Short text fragments from websites:
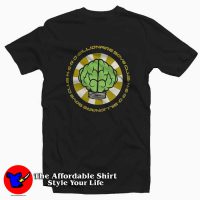 Cheap Billionaire Boys Club Nerd Brain T-shirt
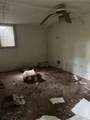 1895 Maywood Place - Photo 27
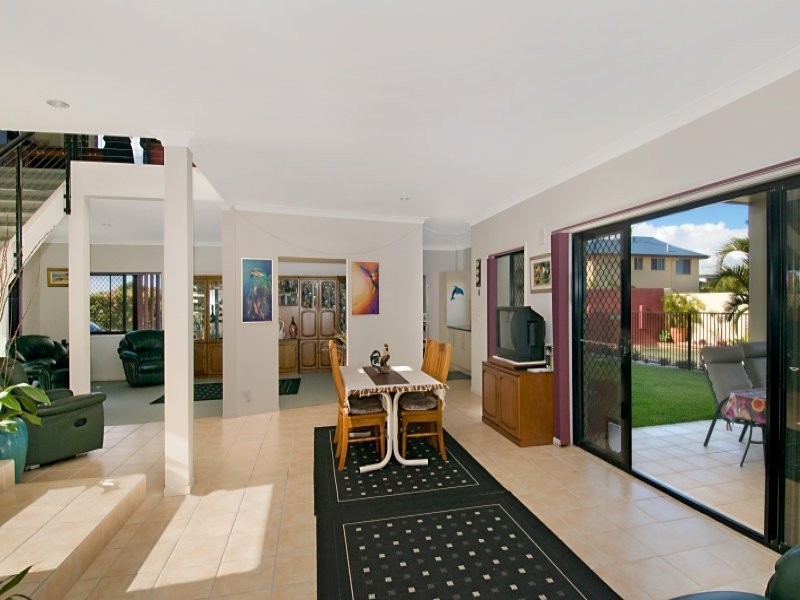 40 Kakadu Circuit, Banksia Beach QLD 4507
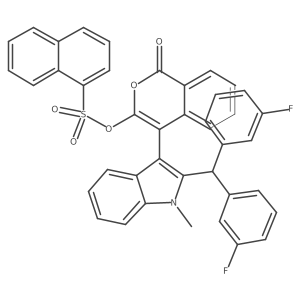 2837144-41-7 structure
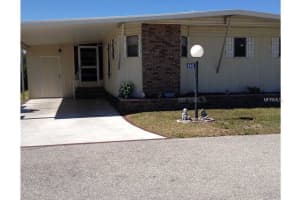 110 Island Point Rd, North Port, FL 34287, Sold 08/22/13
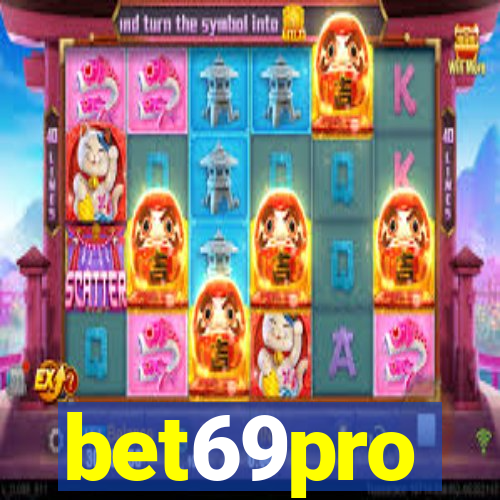 bet69pro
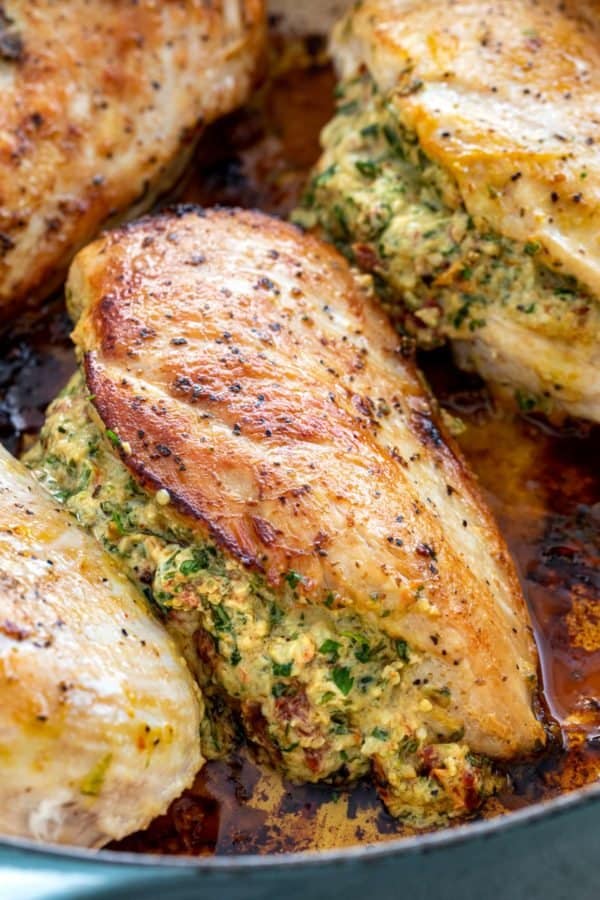 金棕色鸡内圆角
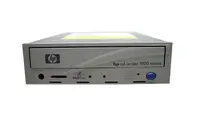 C4462-56000 - HP 8x/4x/32x Speed IDE/ATAPI CD-RW Optical Drive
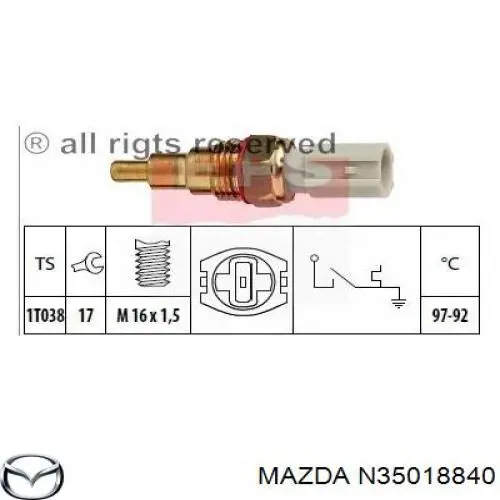 専用出品0501 551639-1703325 Механизм промежуточный КПП МАЗ универсальный (под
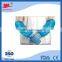 Medical Surgical Products Disposable PE Polyethylene Sleeve Covers Arm Sleeves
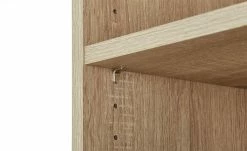 smart Regal BEN | Eiche sägerau (Nachbildung) 80|cm 201|cm 14 smart Regal BEN | Eiche sägerau (Nachbildung) 80|cm 201|cm -Deutschland Regale Verkaufs-Shop 13348896 3 202207011247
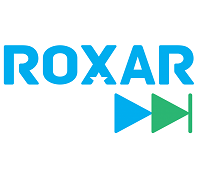 Roxar-color-e14346985658671 (1)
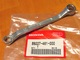 avain 10/12mm - Honda "original"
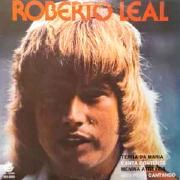 Terra da Maria e Menina Atrevida}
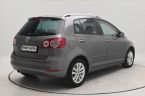 Volkswagen Golf - fotka číslo 4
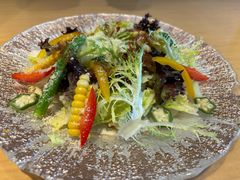 -秋荀日本料理(昆明同德广场店)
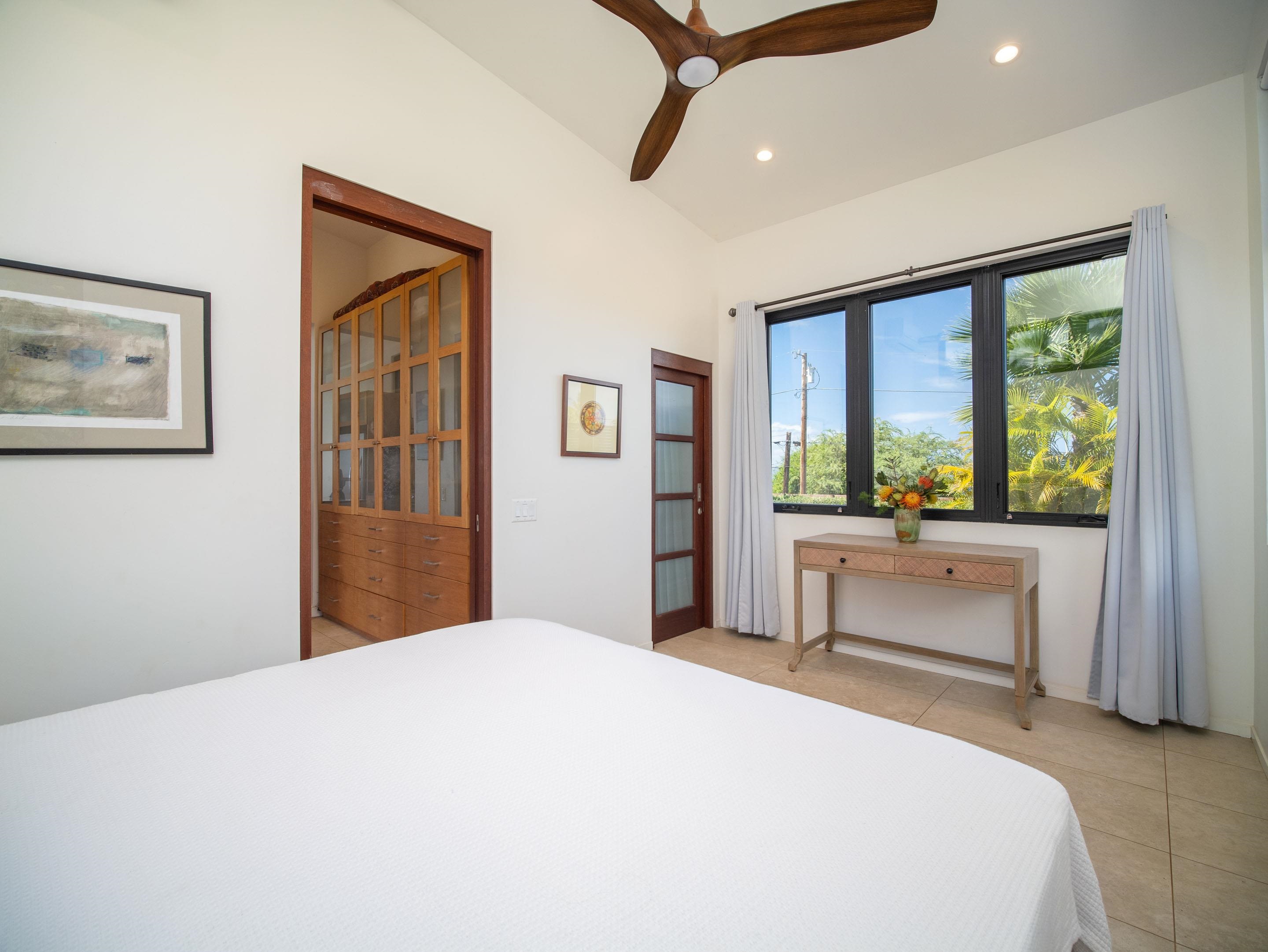 721 Mililani Pl Property Photo 18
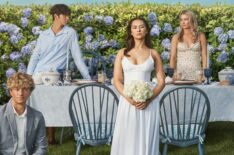 'The Summer I Turned Pretty' Season 3 Release Schedule Unveiled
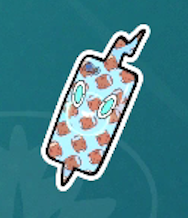 だきまるたカバー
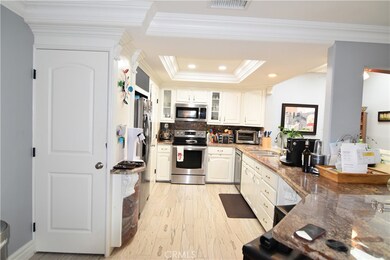 675 Via Alhambra unit A, Laguna Woods, CA 92637 - photo 3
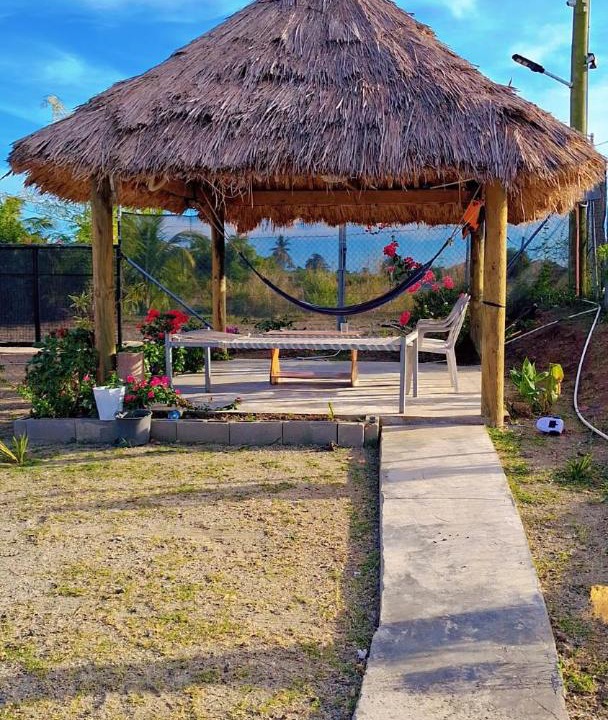 Photo of Others in Sonaisali Island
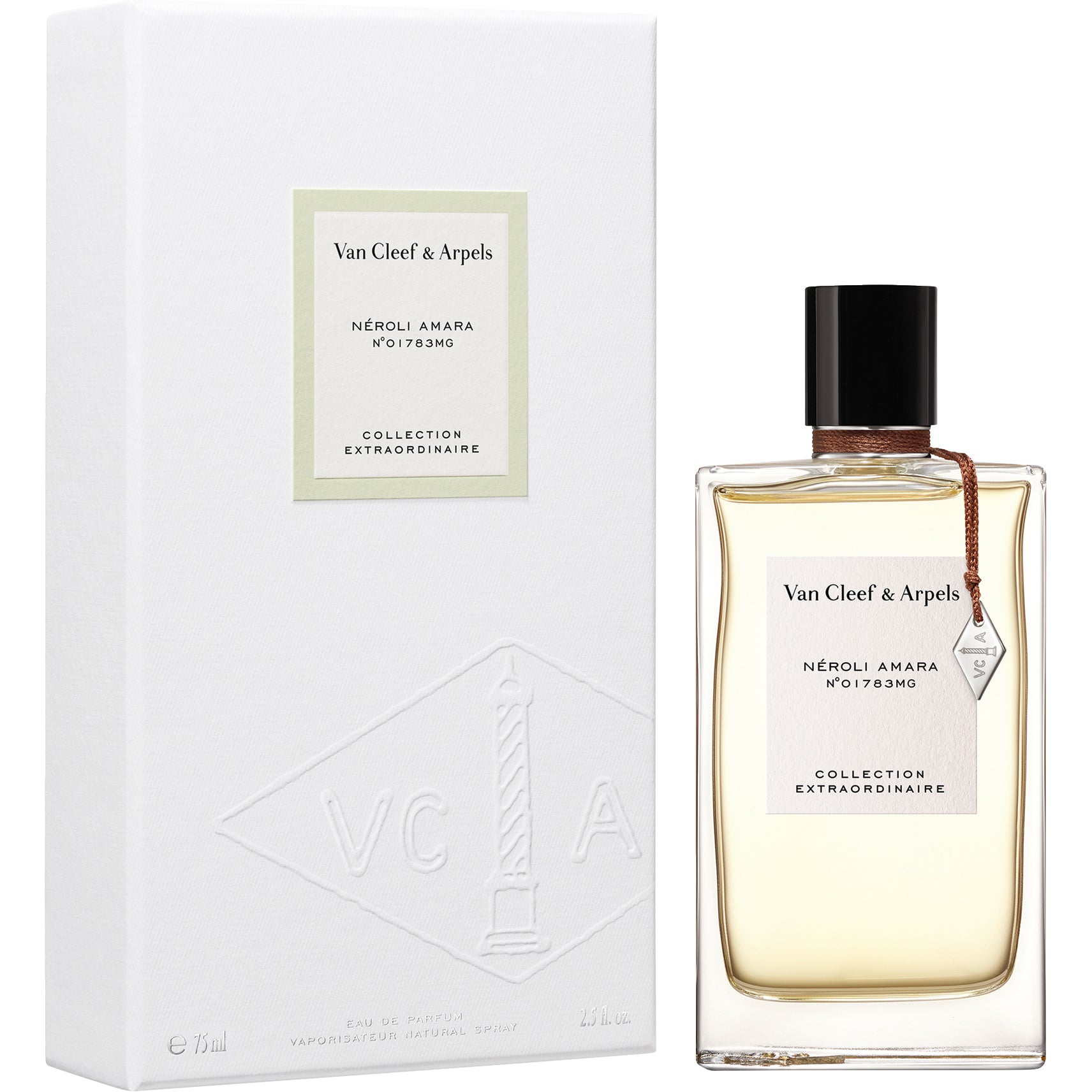 van_cleef_arpels_collection_extraordinaire_neroli_amara_eau_de_parfum_75_ml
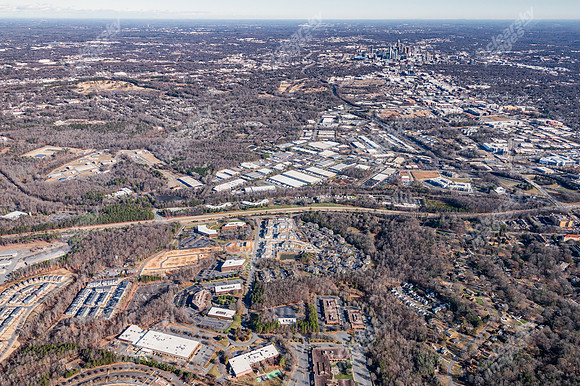 4828-parkway-air0419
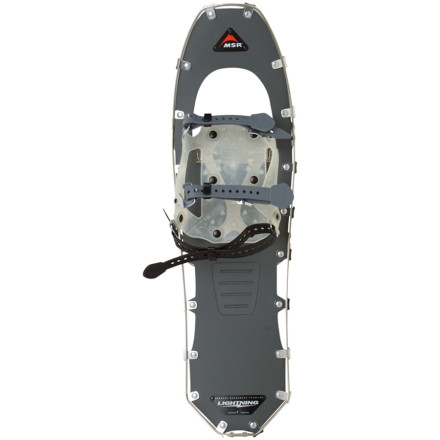 MSR - Lightning Snowshoe - Women's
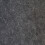T-Mech 11sqm Anthracite Van Lining, Glue & VW Transporter Rack 11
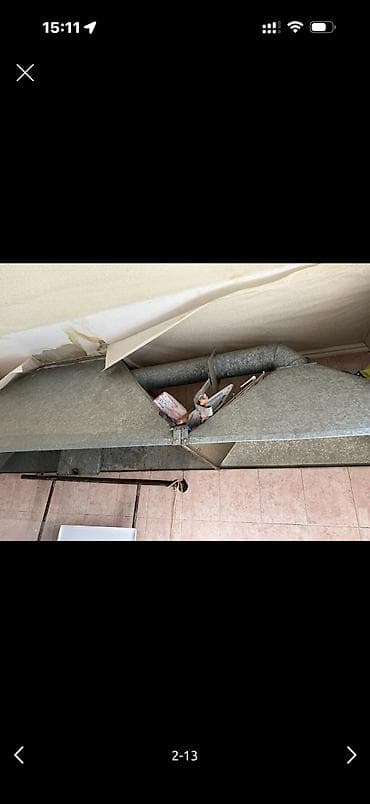 а 48: Вытяжка,продаю — 2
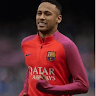 BERNARDINHO_ SEVERO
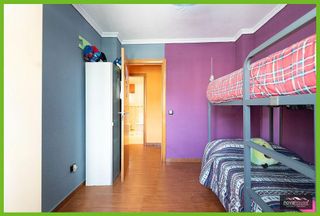 Piso en venta en Cotomar - Urbanizaciones en Rincón de la Victoria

▶ **Your assignment**
Transcribe all of the lines above exactly as given. The pictures stay out.

▶ **Result for this exercise**
 Cheap Billionaire Boys Club Nerd Brain T-shirt
 1895 Maywood Place - Photo 27
 40 Kakadu Circuit, Banksia Beach QLD 4507
 2837144-41-7 structure
 110 Island Point Rd, North Port, FL 34287, Sold 08/22/13
 bet69pro
 金棕色鸡内圆角
 C4462-56000 - HP 8x/4x/32x Speed IDE/ATAPI CD-RW Optical Drive
 専用出品0501 551639-1703325 Механизм промежуточный КПП МАЗ универсальный (под
 Medical Surgical Products Disposable PE Polyethylene Sleeve Covers Arm Sleeves
 smart Regal BEN | Eiche sägerau (Nachbildung) 80|cm 201|cm 14 smart Regal BEN | Eiche sägerau (Nachbildung) 80|cm 201|cm -Deutschland Regale Verkaufs-Shop 13348896 3 202207011247
 Roxar-color-e14346985658671 (1)
 avain 10/12mm - Honda "original"
 Terra da Maria e Menina Atrevida}
 Volkswagen Golf - fotka číslo 4
 -秋荀日本料理(昆明同德广场店)
 721 Mililani Pl Property Photo 18
 'The Summer I Turned Pretty' Season 3 Release Schedule Unveiled
 だきまるたカバー
 675 Via Alhambra unit A, Laguna Woods, CA 92637 - photo 3
 Photo of Others in Sonaisali Island
 van_cleef_arpels_collection_extraordinaire_neroli_amara_eau_de_parfum_75_ml
 4828-parkway-air0419
 MSR - Lightning Snowshoe - Women's
T-Mech 11sqm Anthracite Van Lining, Glue & VW Transporter Rack 11
 а 48: Вытяжка,продаю — 2
 BERNARDINHO_ SEVERO
 Piso en venta en Cotomar - Urbanizaciones en Rincón de la Victoria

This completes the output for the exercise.